Highlights: Debuted Louis Vuitton and Off-White S/S and F/W collections respectively, released Off-White x Nike/Jordan Brand collabs on the Air Rubber Dunk in 3 colorways, Air Jordan 4 “Sail”, Air Jordan 5 “Sail” and “Black”, as well as an apparel capsule.
Collaborated with Nigo on a Louis Vuitton collection, Jacob & Co., Vitra, Stussy for 40th Anniversary World Tour tee, Evian, Futura, Kid Cudi for “Leader of the Delinquents” Merch, DGK skateboards, Mercedes-Benz on a G-Class redesign, and Cleveland Clinic on tees and facemasks.
Designed a Louis Vuitton skate shoe for Lucien Clarke, Westside Gunn’s “Pray For Paris” album cover, LV apparel and accessories collaboration with the NBA, redesigned the basketball court at the Garfield Park Boys and Girls Club in Chicago, launched the “POST-MODERN” scholarship fund, directed Pop Smoke’s “Shake the Room” video, launched and helped design the Off-White Miami Design District Store.
2020 was a rough year for most of us due to COVID-19 but Virgil continued on in his projects and collaborations, working with designers and creatives he idolized such as Nigo on their collaborative LV2 collection. Abloh always stayed true to his skateboarding and streetwear roots, elevating skate shoes and working with Stevie Williams’ DGK on a collaborative skateboard deck collection, even as the artistic director of Louis Vuitton Men’s.

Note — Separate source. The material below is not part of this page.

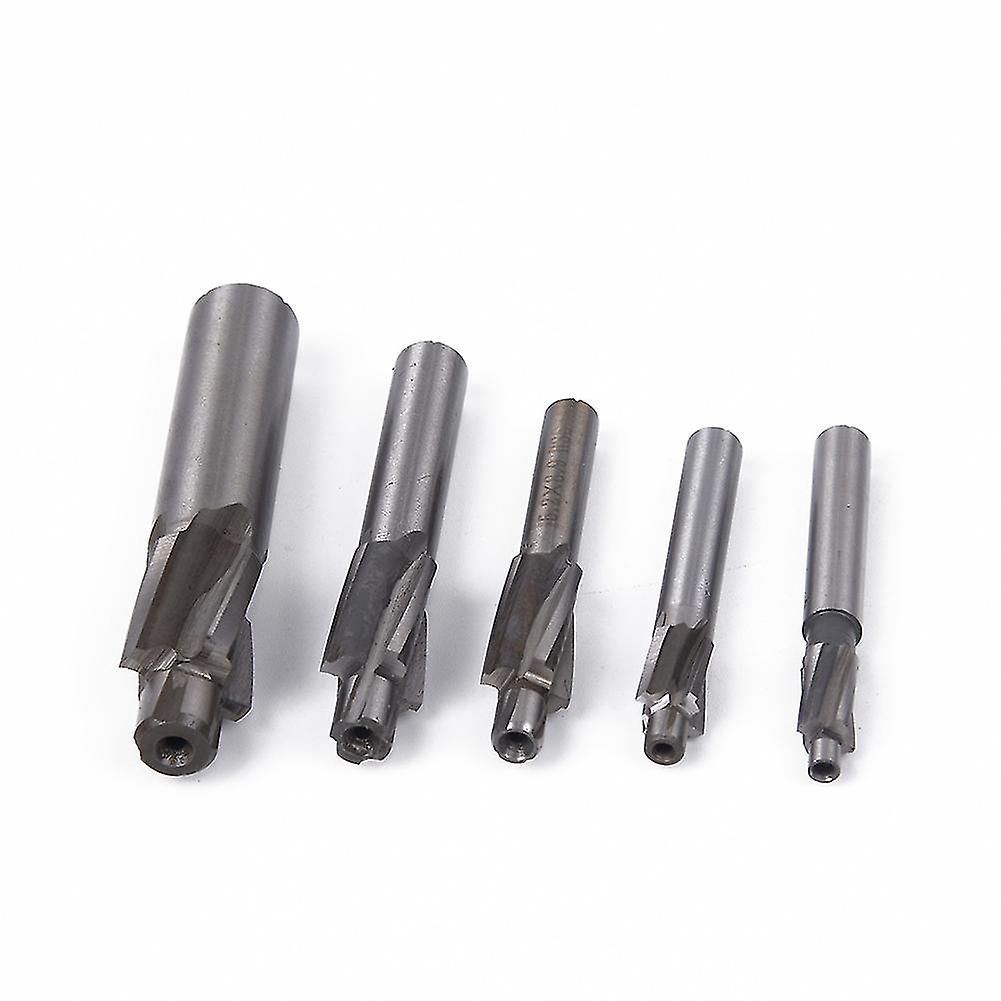 5pcs 4 Flutes Hss Counterbore End Mill M3-m8 Cutter Pilot Slotting Tool Milling Cutter Countersink D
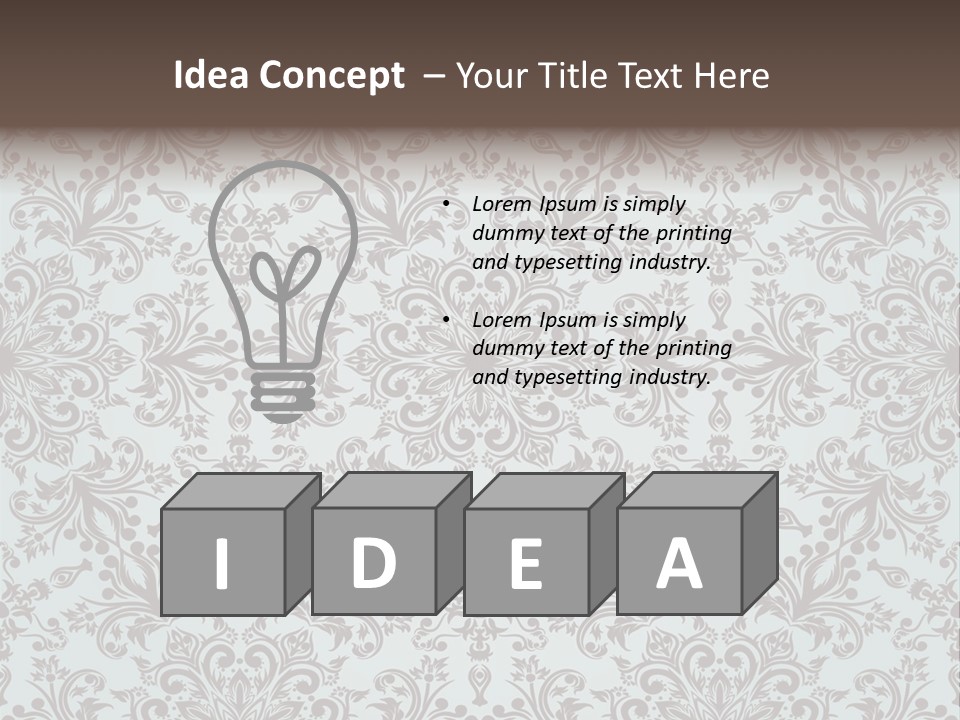 Curl Botanical Symbol PowerPoint Template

Highlights: Released “Something’s Off” with Nike, Off-White x Nike Air Force 1 Low “University Gold”, “The 50” Off-White x Nike Dunk Low collection, Off-White x Nike Air Zoom Tempo NEXT% in 3 colorways as well as an apparel collection for the Tokyo Olympics, and the Off-White Air Jordan 2 Low.
Brought his “Figures of Speech” Exhibition to ICA Boston and Qatar. Collaborated with Evian, Dover Street Market, Don C/Just Don, Braun, Jacob & Co., Theophilus London for Off-White, Pioneer, The MET, Mercedes-Maybach on “Project Maybach”, Nigo LV2 collection, and Louis Vuitton x NBA collection.
Debuted Off-White’s first full eyewear collection, as well as skincare collection with AMOREPACIFIC. Abloh was named Visiting Professor at Royal College of Art, and launched Off-White’s flagship Paris location.
Shortly after his passing, Louis Vuitton announced the posthumous presentation of Abloh’s S/S 2022 collection in Miami.
The influence and gravity that Virgil Abloh has seemed to be growing by the day. The much forgotten about Air Jordan 2 has a huge resurgence thanks to Abloh and he continued to build out Off-White and LV into different spheres and industries as the respective brands have collaborated with brands and companies.
Virgil was a disruptor and a total game-changer in every industry he delved himself into was a curious designer and had a sense of fearlessness that most of us wish we had. “The Ten” collection changed the sneaker industry forever and his continuous collaborations with brands and other creatives is why collabs have moved past sneakers, but other industries as well. The legacy and DNA of Virgil Abloh will continue on through not just his collaborators, but the people he’s inspired to move in a different way and think outside the box.
I know what you’re thinking, is he ever gonna fall off?
Word to the Jiggaman and Premo on “So Ghetto,” The Life and Times of Virgil Abloh will live on forever.